= TASK PROMPT =
Look through the data below for the line with "puits pres de" and the line with "Business facilities in", then output those two and all lines in between, exactly as written.

= DATASET ENTRIES =

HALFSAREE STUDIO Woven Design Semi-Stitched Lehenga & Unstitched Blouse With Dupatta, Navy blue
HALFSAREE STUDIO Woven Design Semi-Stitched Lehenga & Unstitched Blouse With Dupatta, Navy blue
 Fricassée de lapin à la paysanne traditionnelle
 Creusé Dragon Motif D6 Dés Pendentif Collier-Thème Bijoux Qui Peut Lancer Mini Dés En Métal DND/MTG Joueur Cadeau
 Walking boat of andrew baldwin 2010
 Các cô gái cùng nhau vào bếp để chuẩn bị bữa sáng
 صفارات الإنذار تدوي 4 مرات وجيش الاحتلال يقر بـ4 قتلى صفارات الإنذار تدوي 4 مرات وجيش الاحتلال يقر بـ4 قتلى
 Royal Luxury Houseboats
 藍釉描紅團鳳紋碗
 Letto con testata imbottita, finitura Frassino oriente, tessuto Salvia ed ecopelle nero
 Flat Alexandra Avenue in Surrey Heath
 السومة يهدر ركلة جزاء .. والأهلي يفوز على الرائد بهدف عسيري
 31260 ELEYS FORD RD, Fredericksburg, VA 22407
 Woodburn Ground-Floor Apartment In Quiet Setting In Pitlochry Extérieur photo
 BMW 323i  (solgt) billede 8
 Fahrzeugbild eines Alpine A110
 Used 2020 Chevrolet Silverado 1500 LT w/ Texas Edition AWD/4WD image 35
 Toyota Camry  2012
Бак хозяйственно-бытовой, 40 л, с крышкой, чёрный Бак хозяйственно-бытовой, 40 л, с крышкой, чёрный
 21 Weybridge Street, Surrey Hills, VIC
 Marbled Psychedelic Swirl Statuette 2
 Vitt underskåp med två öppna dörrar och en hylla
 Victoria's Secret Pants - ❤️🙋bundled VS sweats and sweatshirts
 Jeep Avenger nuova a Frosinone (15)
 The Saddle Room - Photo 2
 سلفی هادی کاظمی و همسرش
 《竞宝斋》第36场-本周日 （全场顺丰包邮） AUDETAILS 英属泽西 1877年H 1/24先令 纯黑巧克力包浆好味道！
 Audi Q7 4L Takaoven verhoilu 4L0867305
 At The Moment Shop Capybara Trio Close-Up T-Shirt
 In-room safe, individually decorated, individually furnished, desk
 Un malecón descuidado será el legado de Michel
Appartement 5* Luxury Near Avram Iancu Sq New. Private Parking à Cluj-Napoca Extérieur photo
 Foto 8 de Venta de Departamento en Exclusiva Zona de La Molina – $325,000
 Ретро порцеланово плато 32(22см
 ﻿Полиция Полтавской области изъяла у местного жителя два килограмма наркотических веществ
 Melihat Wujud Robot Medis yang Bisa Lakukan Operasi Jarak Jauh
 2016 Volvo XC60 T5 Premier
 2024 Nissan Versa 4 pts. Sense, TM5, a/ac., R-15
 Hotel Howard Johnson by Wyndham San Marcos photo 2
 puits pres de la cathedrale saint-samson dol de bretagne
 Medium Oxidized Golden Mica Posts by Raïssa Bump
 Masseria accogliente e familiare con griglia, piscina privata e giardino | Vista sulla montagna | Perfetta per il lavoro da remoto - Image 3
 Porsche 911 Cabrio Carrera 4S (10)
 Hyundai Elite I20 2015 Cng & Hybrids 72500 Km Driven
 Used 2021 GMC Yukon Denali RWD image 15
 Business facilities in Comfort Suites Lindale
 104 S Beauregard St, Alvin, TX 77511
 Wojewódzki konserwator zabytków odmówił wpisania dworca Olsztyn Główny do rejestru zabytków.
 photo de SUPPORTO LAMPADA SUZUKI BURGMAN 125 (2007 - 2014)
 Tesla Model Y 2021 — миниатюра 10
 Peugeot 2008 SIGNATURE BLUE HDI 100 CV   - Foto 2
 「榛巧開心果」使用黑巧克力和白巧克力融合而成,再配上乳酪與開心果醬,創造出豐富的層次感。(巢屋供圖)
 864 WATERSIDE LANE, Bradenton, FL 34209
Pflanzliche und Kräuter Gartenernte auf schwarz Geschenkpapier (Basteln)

= SOLUTION FOR THIS PROBLEM =
 puits pres de la cathedrale saint-samson dol de bretagne
 Medium Oxidized Golden Mica Posts by Raïssa Bump
 Masseria accogliente e familiare con griglia, piscina privata e giardino | Vista sulla montagna | Perfetta per il lavoro da remoto - Image 3
 Porsche 911 Cabrio Carrera 4S (10)
 Hyundai Elite I20 2015 Cng & Hybrids 72500 Km Driven
 Used 2021 GMC Yukon Denali RWD image 15
 Business facilities in Comfort Suites Lindale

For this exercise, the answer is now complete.